Obvious, the French art collective behind Portrait of Edmond de Belamy (2018), the first AI-generated artwork ever to sell at auction (for a whopping $432,500, no less), is looking to make a splash in the red-hot NFT market. Today, it is dropping a trio of newly minted NFT video portraits in collaboration with blue-chip Paris art gallery Kamel Mennour.
Like the “Famille de Bellamy” series featured in the Christie’s sale, the new series was produced with the aid of Generative Adversarial Networks, a machine learning algorithm, based on a data set of 16,000 portraits from art history. But this time around, the collective used a newer StyleGAN 2 algorithm, and created an animated version of the AI portrait.
The new series, titled “Portraying,” is named after three men who Obvious views as the godfathers to portraiture as we know it today: Renaissance architect and artist Leon Battista Alberti, who published the first scientific study of perspective; American artist John Goffe Rand, who invented the modern tin painting tube; and French artist Louis Daguerre, one of the inventors of photography.
“We wanted to pay tribute to the inventors of those three things,” Gauthier Vernier, who cofounded the collective with Pierre Fautrel and Hugo Caselles-Dupré, told Artnet News. “These are new examples of portraits that could have been possible in art history.”
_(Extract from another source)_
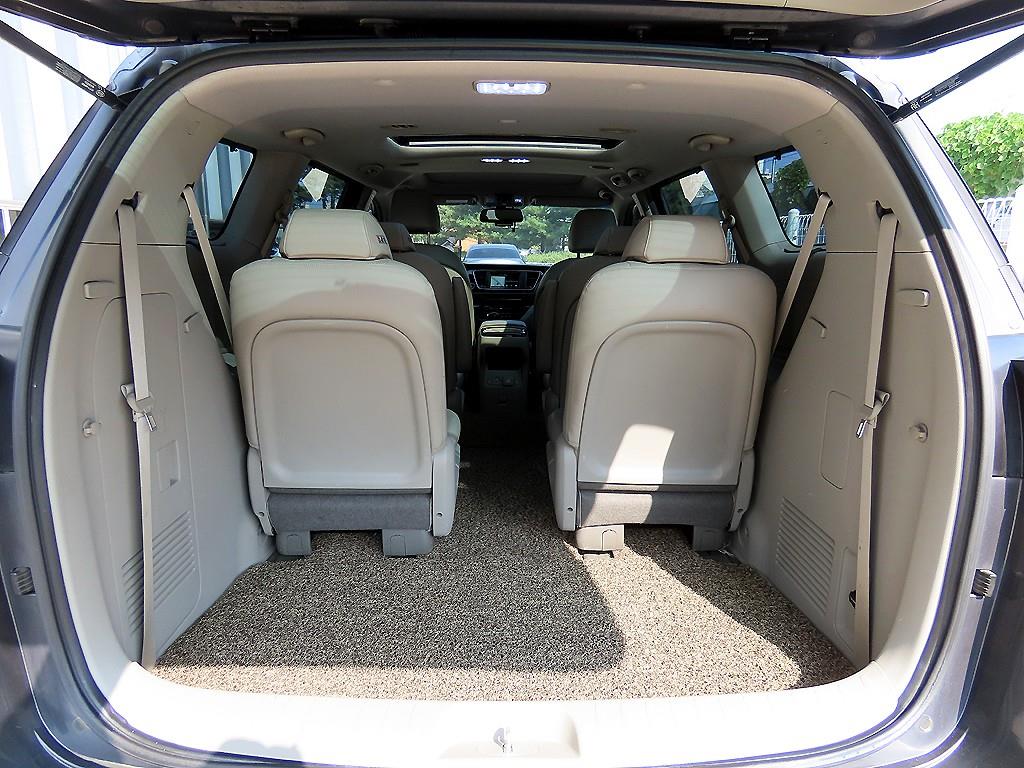 Kia Carnival — photo 17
The works’ individual titles are based on Latin—Perspettiva Albertiana for Alberti, Bellum Tempus for Daguerre, and Acies Color for Rand. Each piece is being sold as an NFT in an edition of one on the NFT platform SuperRare.
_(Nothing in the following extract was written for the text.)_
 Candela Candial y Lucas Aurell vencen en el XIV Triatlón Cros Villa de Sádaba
“We hope this event will bring the worlds of classical art and cryptoart together, as we believe they can benefit from one another,” the collective told Artnet News in an email.
The art collective has been minting NFTs since 2017. Typically, their work has sold for about 2 ether, (about $4,000), according to Vernier. He isn’t sure what to expect with the new drop.
“It’s really rare to have such a classical gallery [like Kamel Mennour] in this space, so it’s hard to say if the collectors at the gallery will be interested it, and it’s how to say how the crypto world will react to it,” Vernier admitted. “We’re testing this new hybrid market.”
Mennour is one of a handful of dealers, including Almine Rech and Pace, cautiously entering the NFT space. “NFTs represent a new medium whose potential interests me and that I want to explore,” Kamel Mennour told Artnet News in an email. “I want to create porosities between my traditional work as a gallerist and the blockchain.”
Obvious, whose work sits at the intersection of art, science, mathematics, and technology, has never had gallery representation before, despite showing at the Hermitage Museum in St. Petersburg and at the Haus der Kunst in Munich.
The collective has yet to replicate their headline-making 2018 auction debut at Christie’s, which went for 43 times as much as the house expected. A 2019 followup sale at Sotheby’s saw two works by the collective sell for $25,000 and $16,250, matching the low end of pre-sale estimates.
In December, Obvious unveiled a new body of AI-generated works that blended prehistoric cave art with contemporary street art. The second work in the “Parietal Burner” series, based on Neoline 12, a painting by German street artist Bond Truluv, and one of the ancient paintings from the French cave art complex Lascaux, was released last week. The piece is being sold in an edition of 50, plus one unique NFT.
“We wanted to keep creating the bridge between the oldest and the most recent means of expression,” the collective said.